The accompanying Python Notebook for this blog post can be found here on Google Colab.

The Open SGID

The introduction of the Open SGID has opened the door for new ways to explore Utah’s GIS data. Before the Open SGID, a user would typically have gone to the AGRC web page to find the data they were looking for and download it in shapefile or file geodatabase format. This can still be done today, but now that AGRC has leveraged the Open Data platform, there are more options for users to access geospatial data in their preferred way. Data can now be streamed to clients via web services or can be downloaded in even more formats (e.g., GeoJSON, KML, and CSV). But the recently launched Open SGID is an especially valuable resource because it is a cloud-hosted PostgreSQL PostGIS database that anyone can connect to. As the Open SGID has nightly automated updates, tapping into the Open SGID means you’ll have a living connection to the freshest SGID data available.

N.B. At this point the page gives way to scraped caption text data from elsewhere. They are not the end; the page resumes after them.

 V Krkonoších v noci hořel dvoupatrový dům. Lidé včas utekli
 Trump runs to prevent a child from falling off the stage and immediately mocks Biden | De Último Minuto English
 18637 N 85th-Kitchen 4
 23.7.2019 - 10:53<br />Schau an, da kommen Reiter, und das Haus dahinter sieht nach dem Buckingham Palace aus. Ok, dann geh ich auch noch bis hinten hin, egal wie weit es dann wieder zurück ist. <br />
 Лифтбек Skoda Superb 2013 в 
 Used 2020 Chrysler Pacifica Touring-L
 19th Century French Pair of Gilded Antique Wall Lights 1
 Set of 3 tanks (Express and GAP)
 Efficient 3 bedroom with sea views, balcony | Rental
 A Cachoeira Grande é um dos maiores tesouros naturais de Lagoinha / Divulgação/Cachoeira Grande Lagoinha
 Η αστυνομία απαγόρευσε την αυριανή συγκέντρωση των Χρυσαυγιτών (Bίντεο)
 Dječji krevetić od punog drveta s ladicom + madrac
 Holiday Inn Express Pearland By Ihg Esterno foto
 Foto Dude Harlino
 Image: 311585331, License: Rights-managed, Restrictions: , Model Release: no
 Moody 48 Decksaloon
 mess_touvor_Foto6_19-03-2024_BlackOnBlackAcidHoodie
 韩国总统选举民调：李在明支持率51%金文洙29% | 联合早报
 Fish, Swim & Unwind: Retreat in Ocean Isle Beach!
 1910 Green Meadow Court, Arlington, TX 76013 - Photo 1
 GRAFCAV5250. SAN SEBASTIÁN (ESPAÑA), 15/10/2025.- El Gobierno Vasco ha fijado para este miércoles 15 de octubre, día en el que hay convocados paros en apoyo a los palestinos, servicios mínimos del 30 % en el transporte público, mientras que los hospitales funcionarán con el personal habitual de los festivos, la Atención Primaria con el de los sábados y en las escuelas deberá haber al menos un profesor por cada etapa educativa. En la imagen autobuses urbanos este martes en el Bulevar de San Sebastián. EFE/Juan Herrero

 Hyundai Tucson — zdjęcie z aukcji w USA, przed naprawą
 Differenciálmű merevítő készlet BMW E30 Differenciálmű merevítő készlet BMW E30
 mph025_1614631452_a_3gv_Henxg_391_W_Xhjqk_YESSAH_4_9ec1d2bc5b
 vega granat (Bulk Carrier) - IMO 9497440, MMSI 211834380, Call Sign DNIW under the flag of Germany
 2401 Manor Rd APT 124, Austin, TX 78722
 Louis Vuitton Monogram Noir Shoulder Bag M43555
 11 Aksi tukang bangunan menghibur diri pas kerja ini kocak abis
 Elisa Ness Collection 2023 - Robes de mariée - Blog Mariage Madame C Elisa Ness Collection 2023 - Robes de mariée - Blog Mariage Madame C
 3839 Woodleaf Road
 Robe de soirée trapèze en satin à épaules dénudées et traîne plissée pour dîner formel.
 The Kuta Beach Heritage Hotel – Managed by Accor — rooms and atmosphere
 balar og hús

The Open SGID also creates an opportunity for users to pull in data and perform analysis using open source software and libraries-like Python. With this route, you don’t need to worry about paying for licensed software or even installing GIS desktop software at all. And if you use a cloud-hosted Jupyter notebook—like Google Colab—you don’t even have to install Python on your computer (or tablet or chromebook)!

Python Notebook and Libraries

The rest of this article will walk you through a brief tutorial of how easy it can be to pull SGID data into Python to perform analysis or create simple maps. These basic building blocks, combined with a little gumption and googling, can put you well on your way to performing whatever analysis you desire. A link to the Jupyter notebook in Google Colab is also included, so you can run the code yourself and build upon it.

  • Psycopg2 - A PostgreSQL/PostGIS client for Python
  • GeoPandas - An open source Python project for working with geospatial data
    • Extends the popular Pandas library to geospatial data
  • Matplotlib - A plotting and visualization library for Python

(Note: some of the querying and filtering in these examples can be done entirely in SQL, but GeoPandas is used to demonstrate its capabilities)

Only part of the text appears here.